Work instruction. Restate the records that follow word for word. Omit the images.

(Data entries)
######
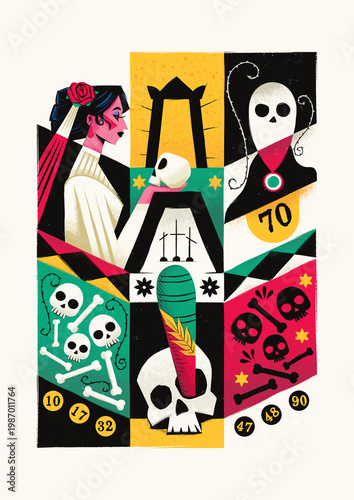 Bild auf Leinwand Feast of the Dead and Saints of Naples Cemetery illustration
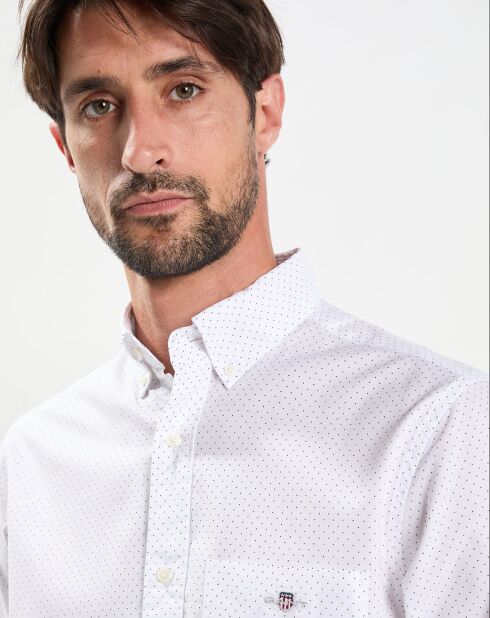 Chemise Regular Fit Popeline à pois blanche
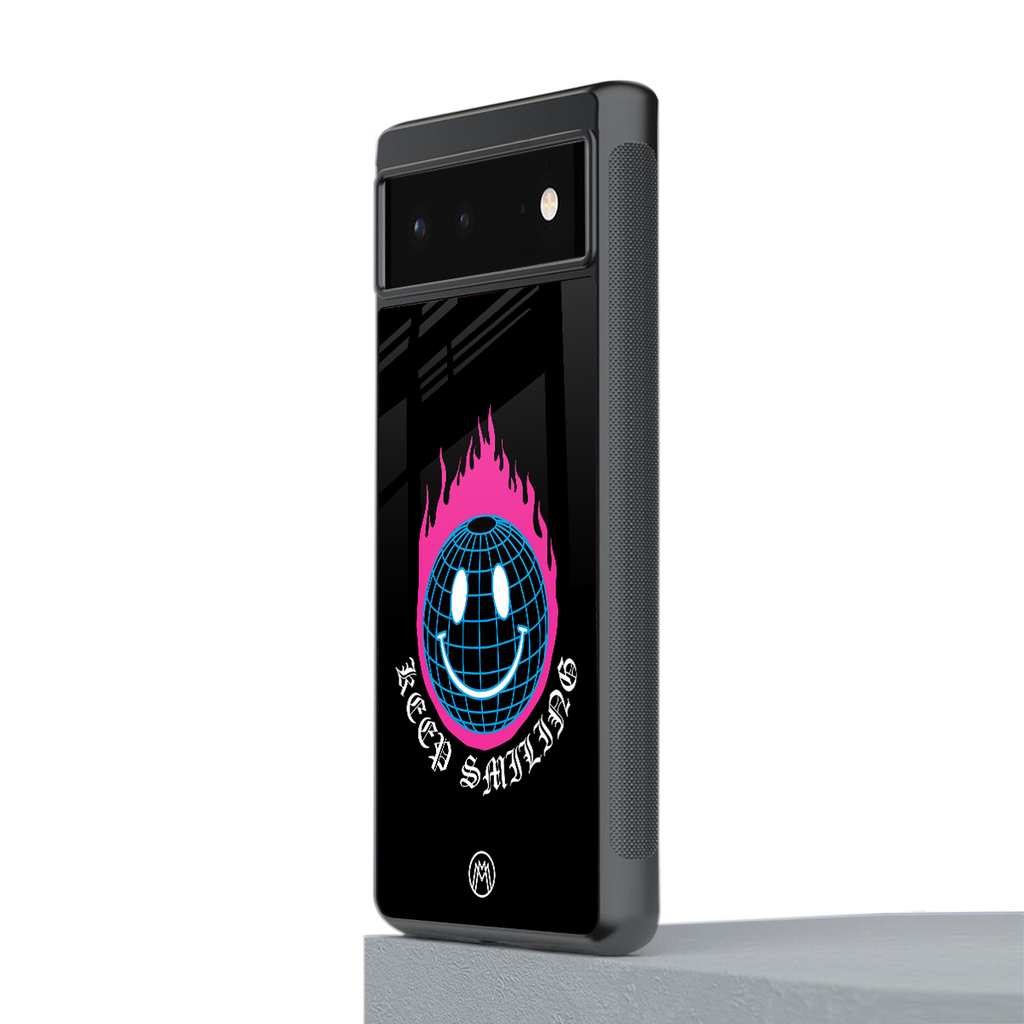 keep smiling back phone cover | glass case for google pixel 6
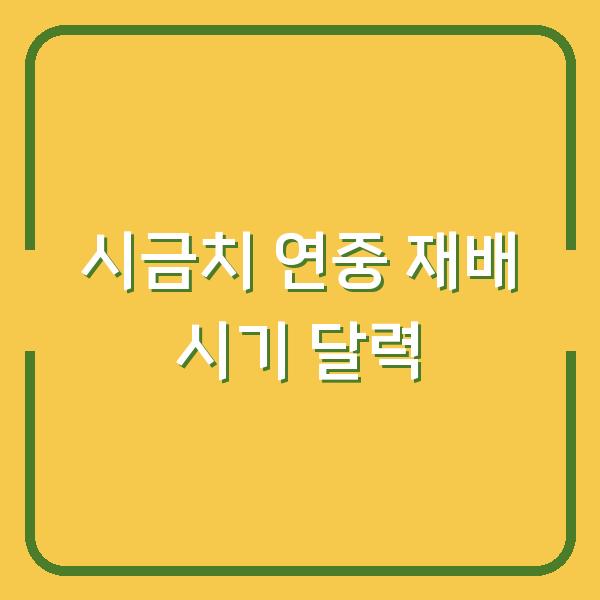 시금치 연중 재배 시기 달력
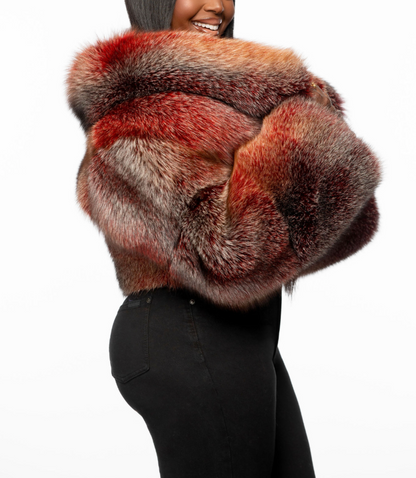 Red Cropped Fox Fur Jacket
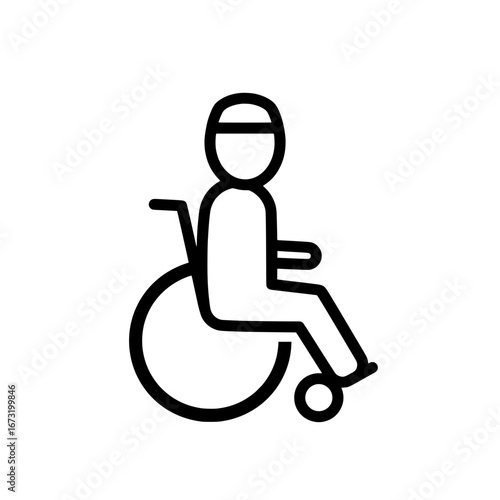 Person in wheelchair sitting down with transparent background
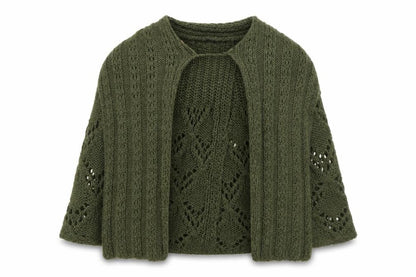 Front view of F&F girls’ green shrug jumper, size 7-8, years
######
Task solution.
 Bild auf Leinwand Feast of the Dead and Saints of Naples Cemetery illustration
 Chemise Regular Fit Popeline à pois blanche
 keep smiling back phone cover | glass case for google pixel 6
 시금치 연중 재배 시기 달력
 Red Cropped Fox Fur Jacket
 Person in wheelchair sitting down with transparent background
 Front view of F&F girls’ green shrug jumper, size 7-8, years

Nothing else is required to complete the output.